- Ralina Panova Federal Insitute for Population Research https://orcid.org/0000-0003-2027-8205
- Isabella Buber-Ennser Wittgenstein Centre for Demography and Global Human Capital (IIASA, OeAW, Univ. Vienna), Vienna Institute of Demography/Austrian Academy of Sciences https://orcid.org/0000-0001-5483-8907
- Martin Bujard Federal Institute for Population Research https://orcid.org/0000-0002-3603-4160
Objective: Why do parents decide to have more than two children?
Background: This study explores how opportunity costs and socio-cultural factors such as value of children, perceived social pressure and intergenerational fertility transmission influence the transition to higher order fertility in seven European countries.

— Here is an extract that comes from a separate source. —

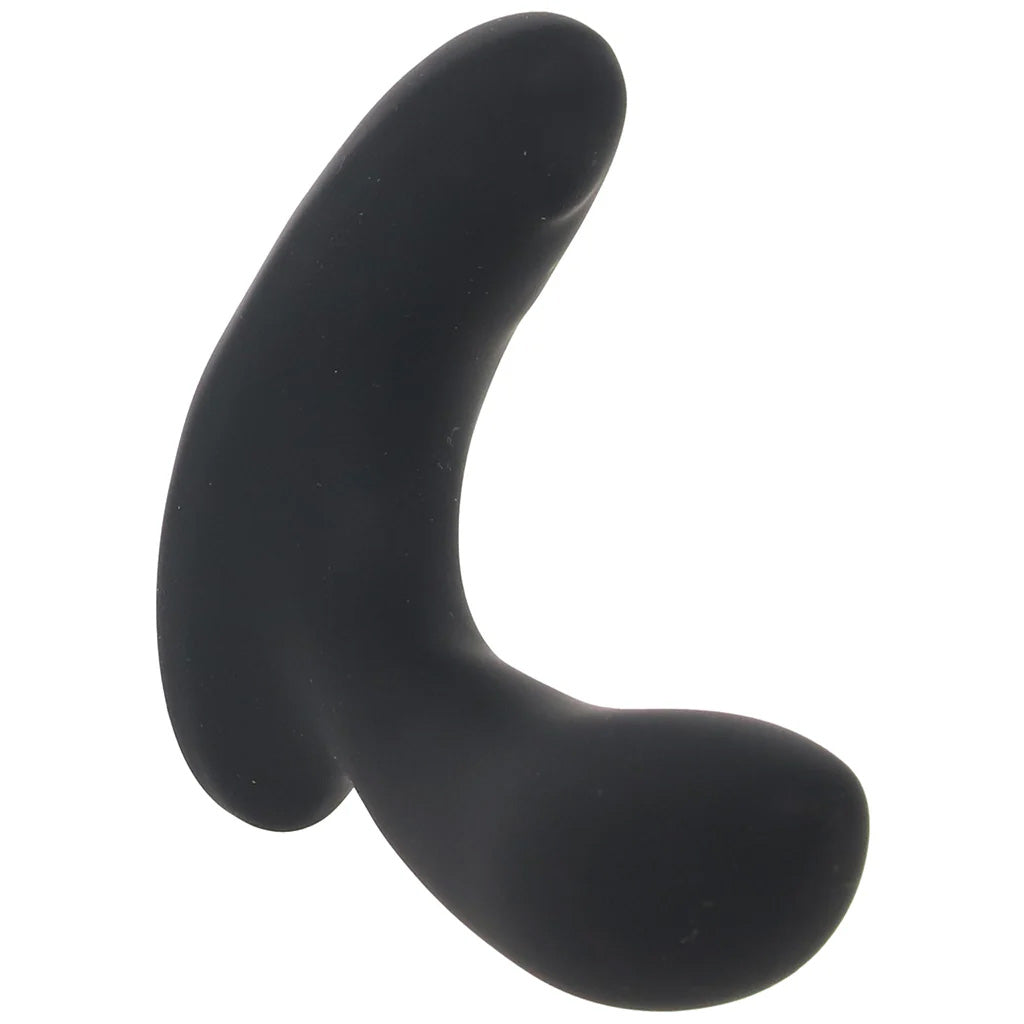 PinkCherry Remote Control Prostate Vibe Anal Sex Toys > Prostate Massagers - Tophatter Daily Deals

Method: Using panel data for Austria, Bulgaria, France, Georgia, Hungary, Poland and Russia, stemming from the Generations and Gender Survey (GGS), we aim to identify the driving mechanisms behind the birth of a third child and draw attention to socio-cultural factors and opportunity costs. We estimate average marginal effects in binomial logistic regressions.
Results: Multivariate analyses demonstrate that lower opportunity costs and perceived social pressure positively influence the transition to the third child – for both sexes. In contrast, emotional and social values of children are not relevant and intergenerational transmission is associated with the birth of the third child for men and women differently. Perceived social pressure turns out to matter in all countries, although the social groups likely to have large families differ across countries.
Conclusion: Overall, this study provides insights into the link between socio-cultural factors, perceived cost and the formation of large families in life course, revealing the reasons why women and men may deviate from the widespread two child norm. Therefore, it brings new contribution regarding the motivation for a third child.